[Supplied entries]
___

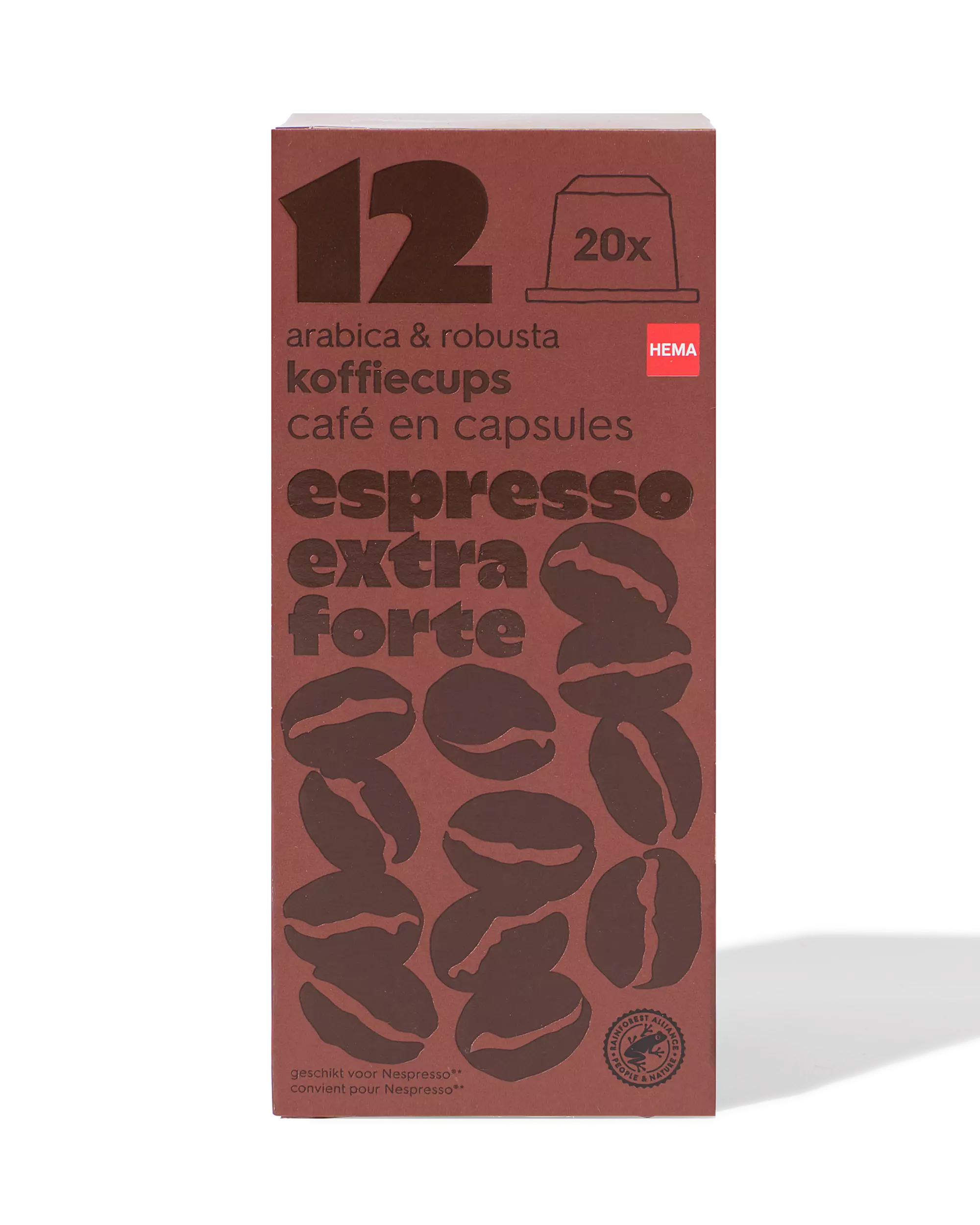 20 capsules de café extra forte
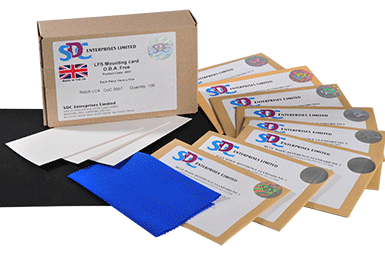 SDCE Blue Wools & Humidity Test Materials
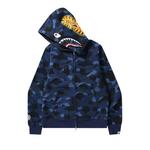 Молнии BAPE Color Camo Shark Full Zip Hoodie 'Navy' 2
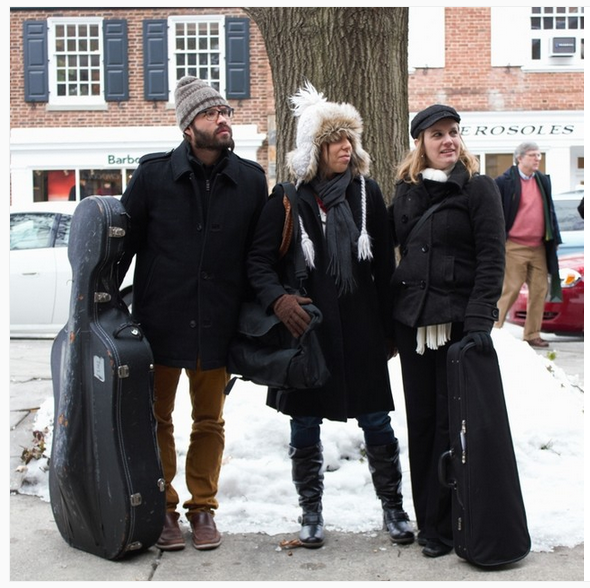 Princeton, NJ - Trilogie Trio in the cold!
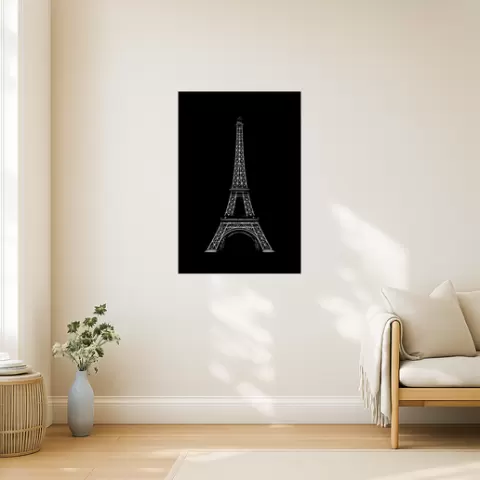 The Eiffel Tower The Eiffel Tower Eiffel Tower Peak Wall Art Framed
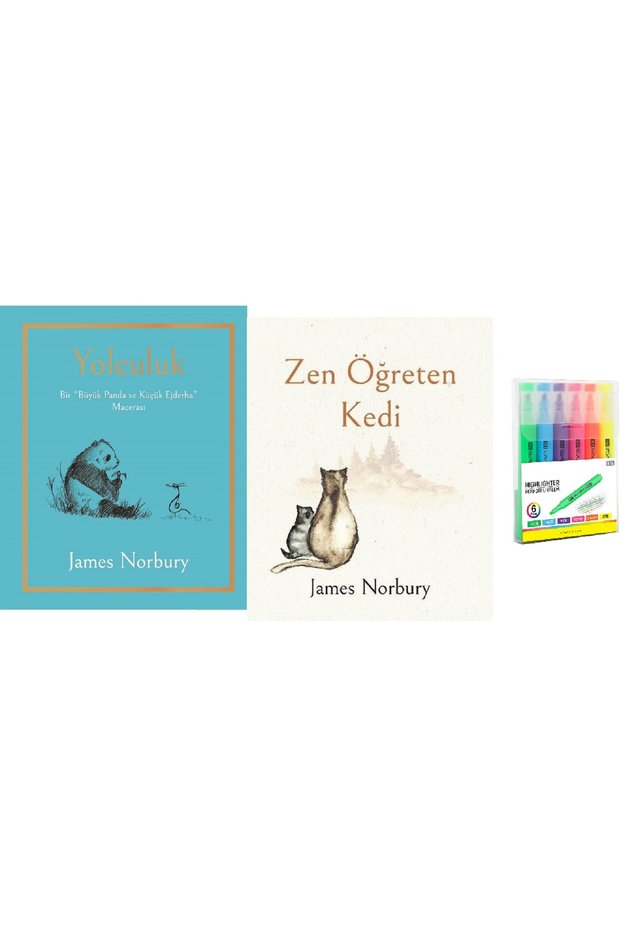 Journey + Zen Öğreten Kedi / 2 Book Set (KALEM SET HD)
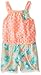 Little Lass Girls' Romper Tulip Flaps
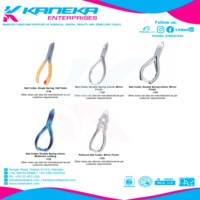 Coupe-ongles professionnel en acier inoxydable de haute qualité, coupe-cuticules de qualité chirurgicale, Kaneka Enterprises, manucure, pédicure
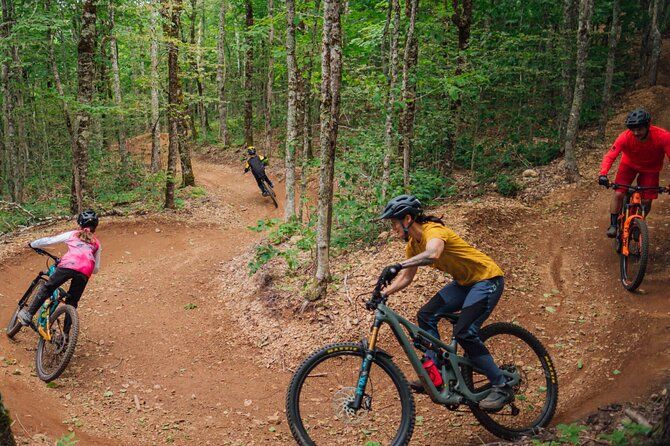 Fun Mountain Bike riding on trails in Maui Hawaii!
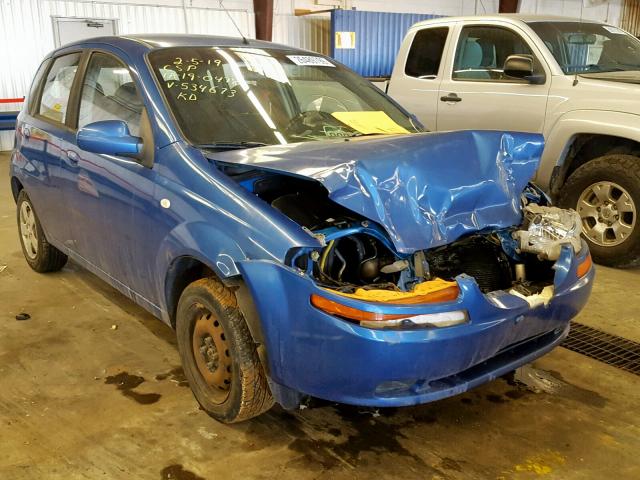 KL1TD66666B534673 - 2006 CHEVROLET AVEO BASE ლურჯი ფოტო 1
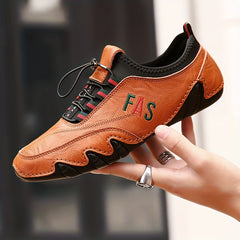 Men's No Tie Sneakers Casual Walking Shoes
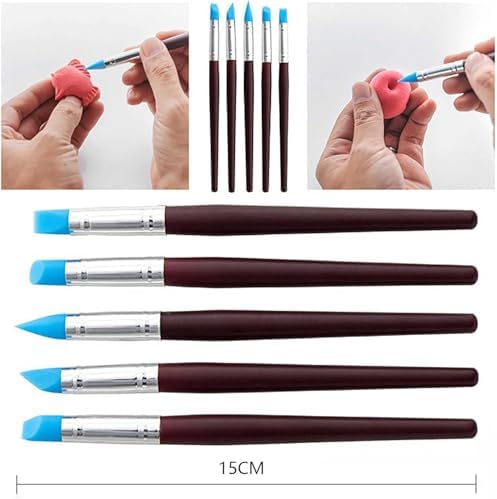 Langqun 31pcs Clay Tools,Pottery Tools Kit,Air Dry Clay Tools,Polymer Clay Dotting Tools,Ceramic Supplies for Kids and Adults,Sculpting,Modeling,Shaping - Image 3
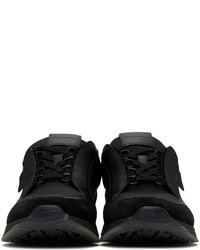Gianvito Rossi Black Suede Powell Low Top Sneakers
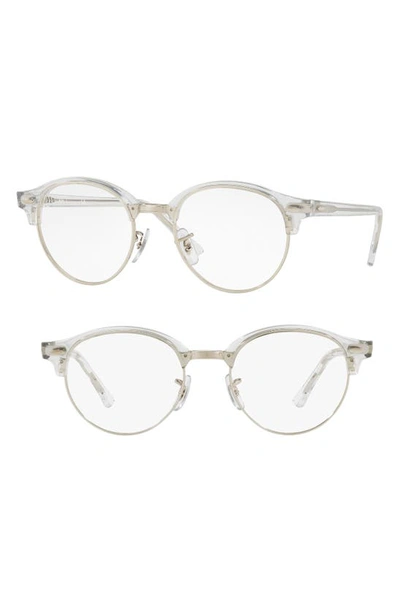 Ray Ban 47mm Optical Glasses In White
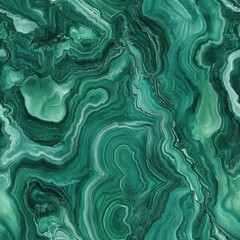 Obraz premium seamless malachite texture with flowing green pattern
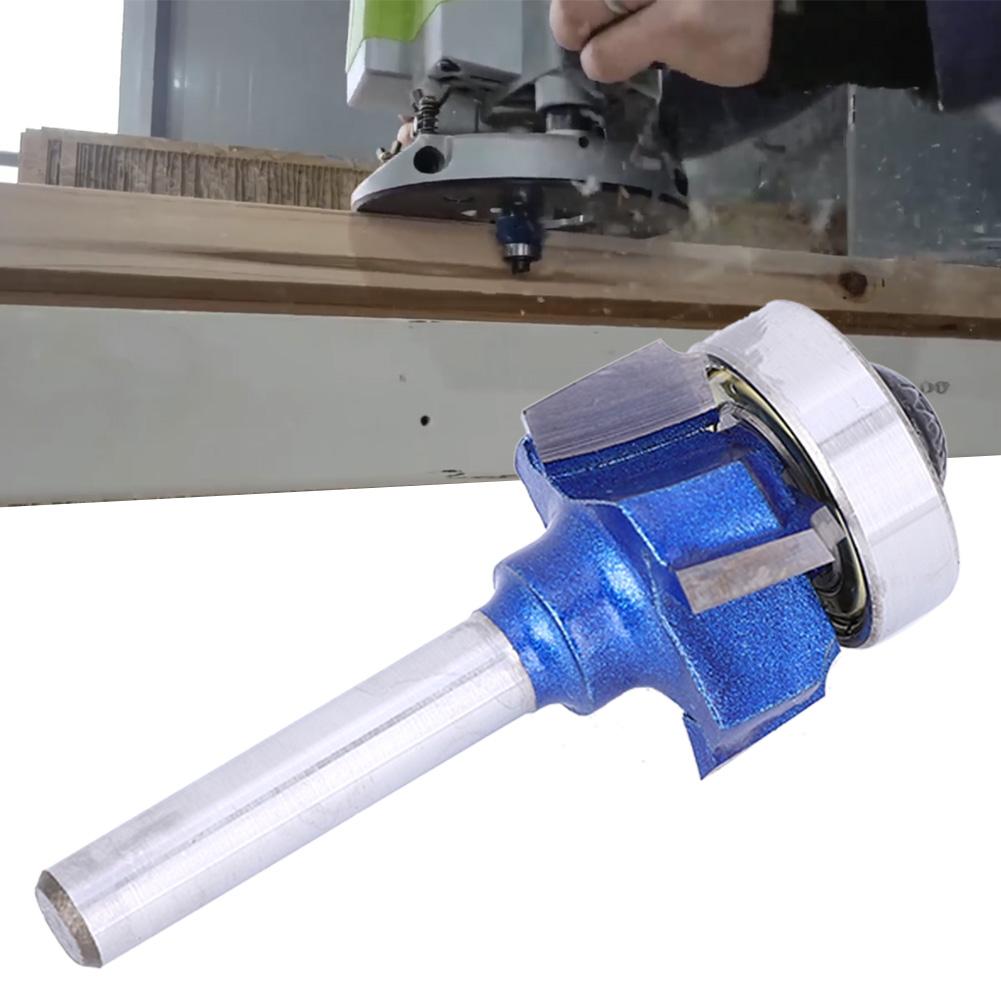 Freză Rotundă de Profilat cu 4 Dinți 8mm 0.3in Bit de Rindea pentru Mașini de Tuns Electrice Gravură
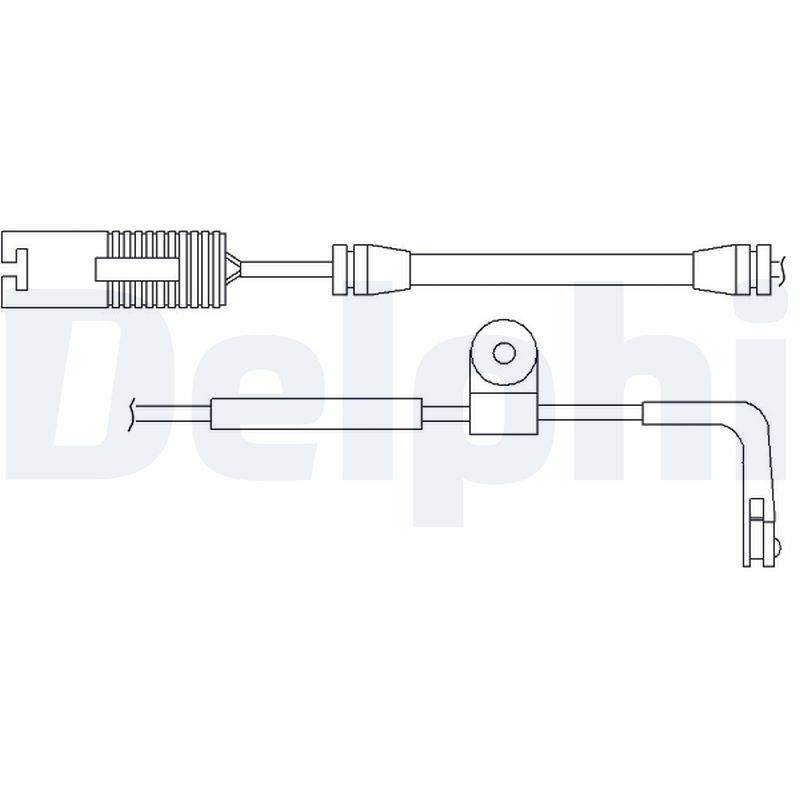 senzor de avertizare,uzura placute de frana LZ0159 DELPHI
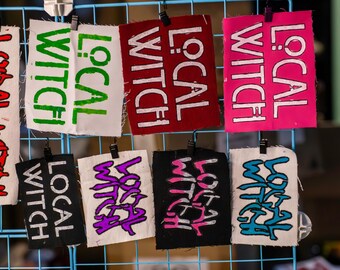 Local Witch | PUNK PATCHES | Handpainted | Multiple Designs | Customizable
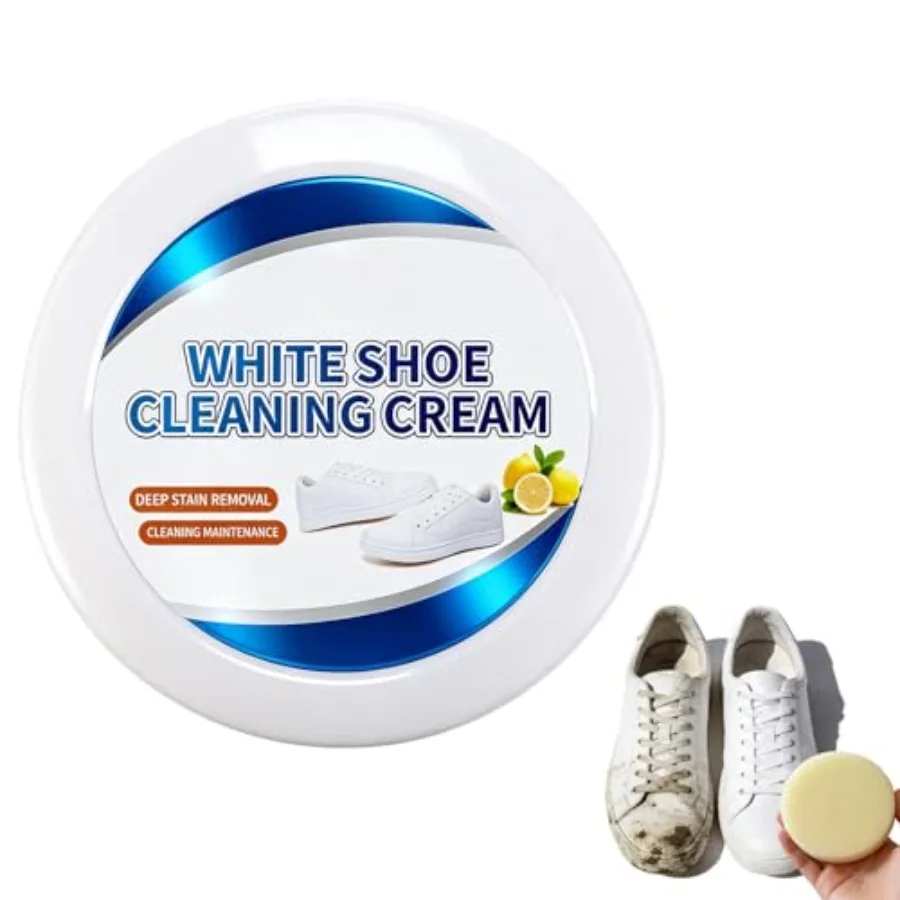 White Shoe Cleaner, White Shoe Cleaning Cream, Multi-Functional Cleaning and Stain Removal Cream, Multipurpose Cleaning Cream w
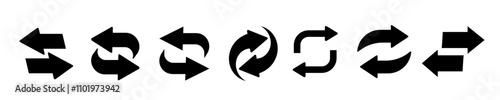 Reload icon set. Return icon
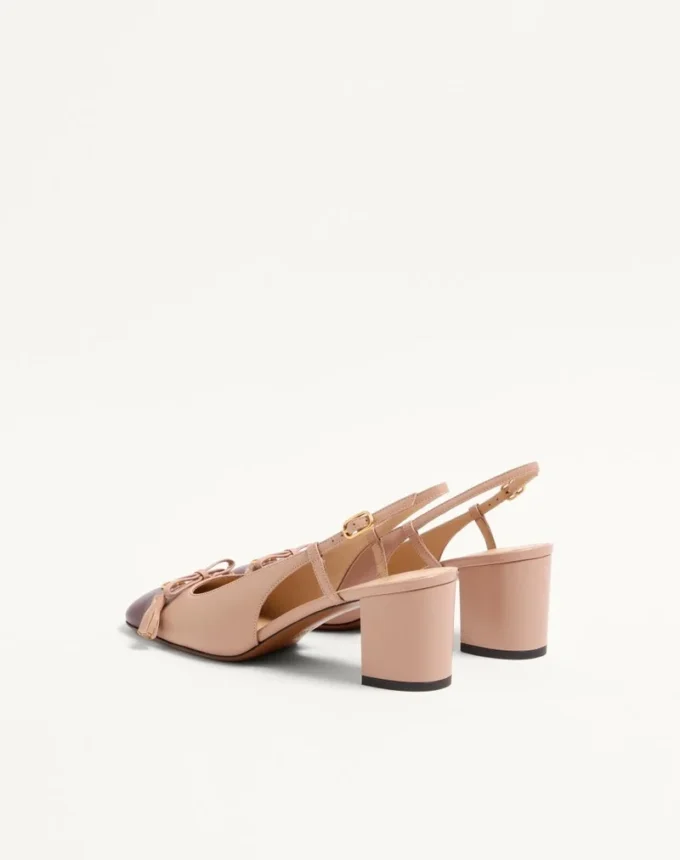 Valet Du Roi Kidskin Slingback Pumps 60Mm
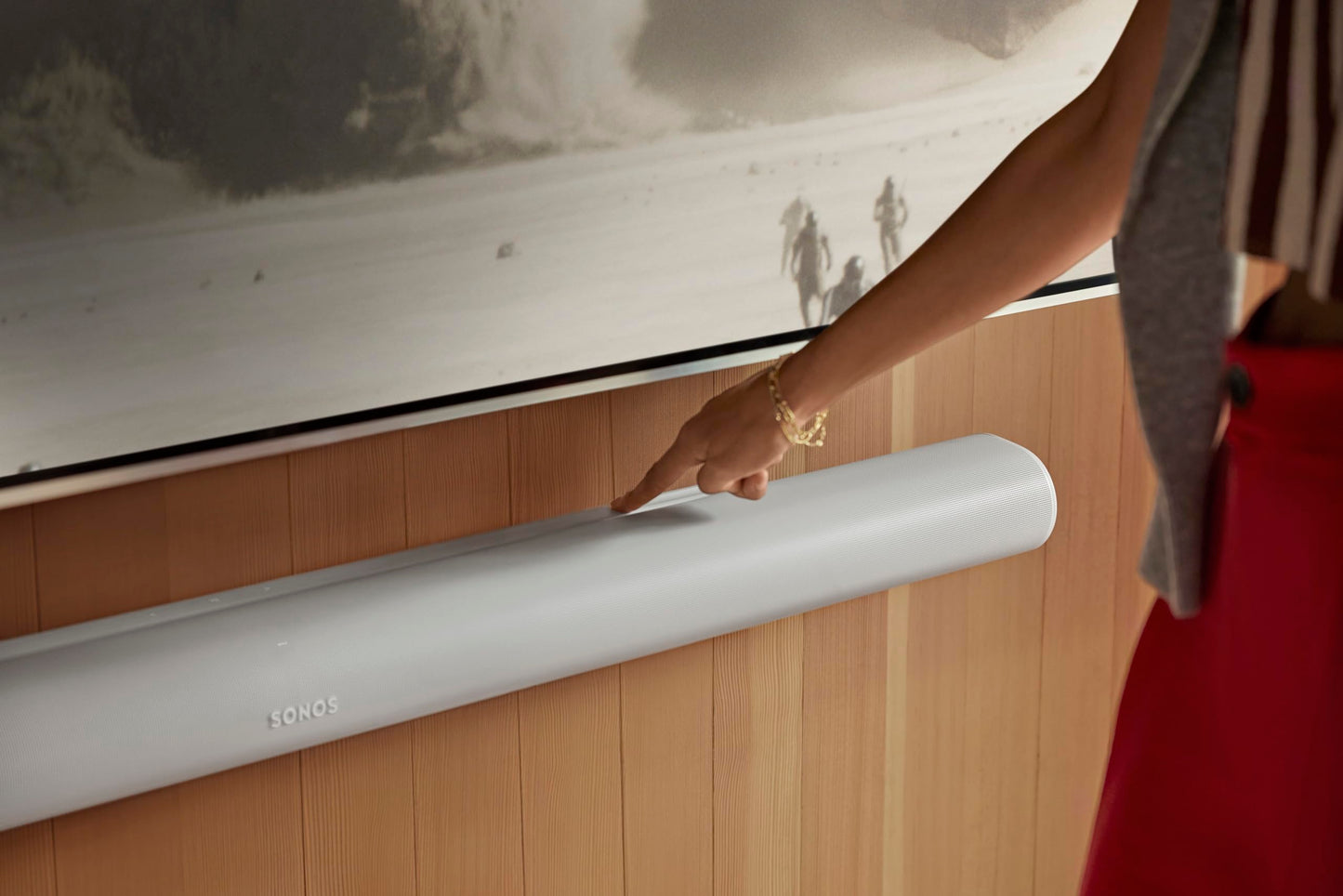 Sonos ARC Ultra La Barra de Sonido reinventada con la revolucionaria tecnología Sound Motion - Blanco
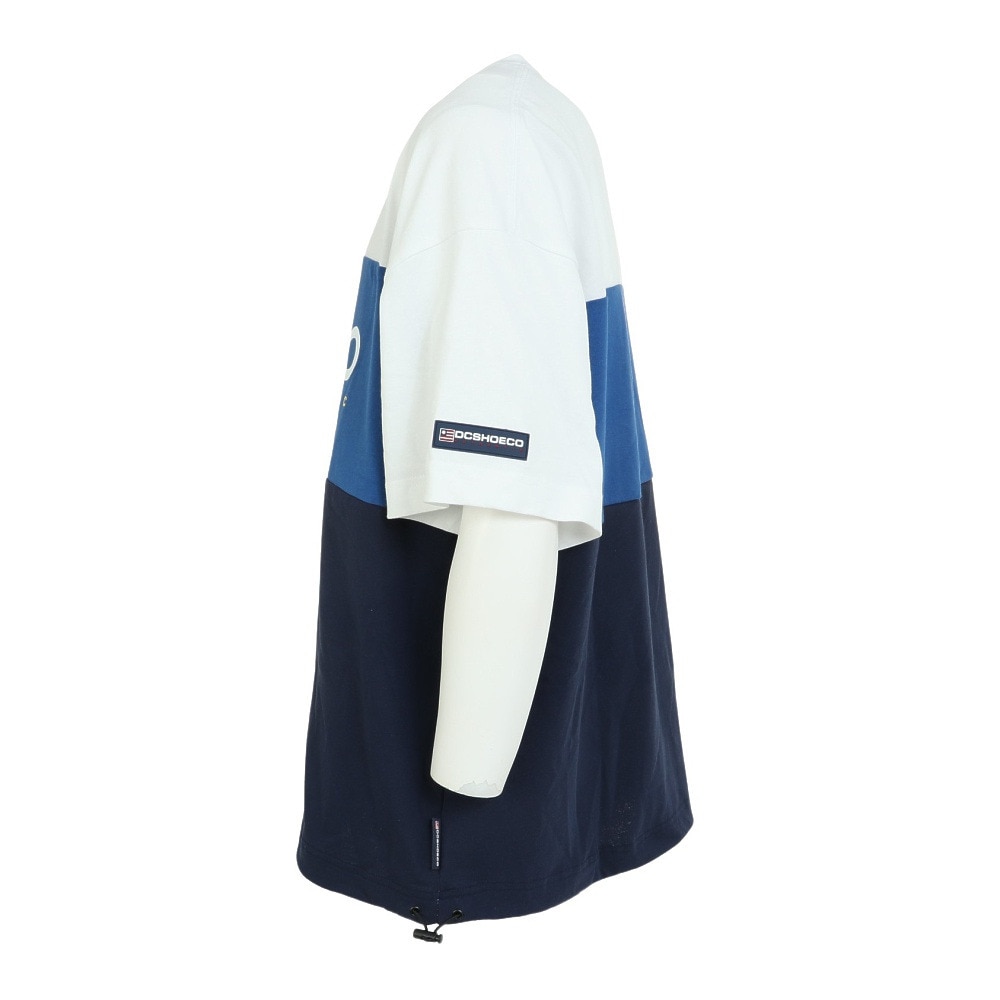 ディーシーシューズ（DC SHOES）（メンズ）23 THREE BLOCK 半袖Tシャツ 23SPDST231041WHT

___

[Required work] Please copy the records above word for word, leaving out every picture.

[Written response]
 20 capsules de café extra forte
 SDCE Blue Wools & Humidity Test Materials
 Молнии BAPE Color Camo Shark Full Zip Hoodie 'Navy' 2
 Princeton, NJ - Trilogie Trio in the cold!
 The Eiffel Tower The Eiffel Tower Eiffel Tower Peak Wall Art Framed
 Journey + Zen Öğreten Kedi / 2 Book Set (KALEM SET HD)
 Little Lass Girls' Romper Tulip Flaps
 Coupe-ongles professionnel en acier inoxydable de haute qualité, coupe-cuticules de qualité chirurgicale, Kaneka Enterprises, manucure, pédicure
 Fun Mountain Bike riding on trails in Maui Hawaii!
 KL1TD66666B534673 - 2006 CHEVROLET AVEO BASE ლურჯი ფოტო 1
 Men's No Tie Sneakers Casual Walking Shoes
 Langqun 31pcs Clay Tools,Pottery Tools Kit,Air Dry Clay Tools,Polymer Clay Dotting Tools,Ceramic Supplies for Kids and Adults,Sculpting,Modeling,Shaping - Image 3
Gianvito Rossi Black Suede Powell Low Top Sneakers
 Ray Ban 47mm Optical Glasses In White
 Obraz premium seamless malachite texture with flowing green pattern
 Freză Rotundă de Profilat cu 4 Dinți 8mm 0.3in Bit de Rindea pentru Mașini de Tuns Electrice Gravură
 senzor de avertizare,uzura placute de frana LZ0159 DELPHI
 Local Witch | PUNK PATCHES | Handpainted | Multiple Designs | Customizable
 White Shoe Cleaner, White Shoe Cleaning Cream, Multi-Functional Cleaning and Stain Removal Cream, Multipurpose Cleaning Cream w
 Reload icon set. Return icon
 Valet Du Roi Kidskin Slingback Pumps 60Mm
 Sonos ARC Ultra La Barra de Sonido reinventada con la revolucionaria tecnología Sound Motion - Blanco
 ディーシーシューズ（DC SHOES）（メンズ）23 THREE BLOCK 半袖Tシャツ 23SPDST231041WHT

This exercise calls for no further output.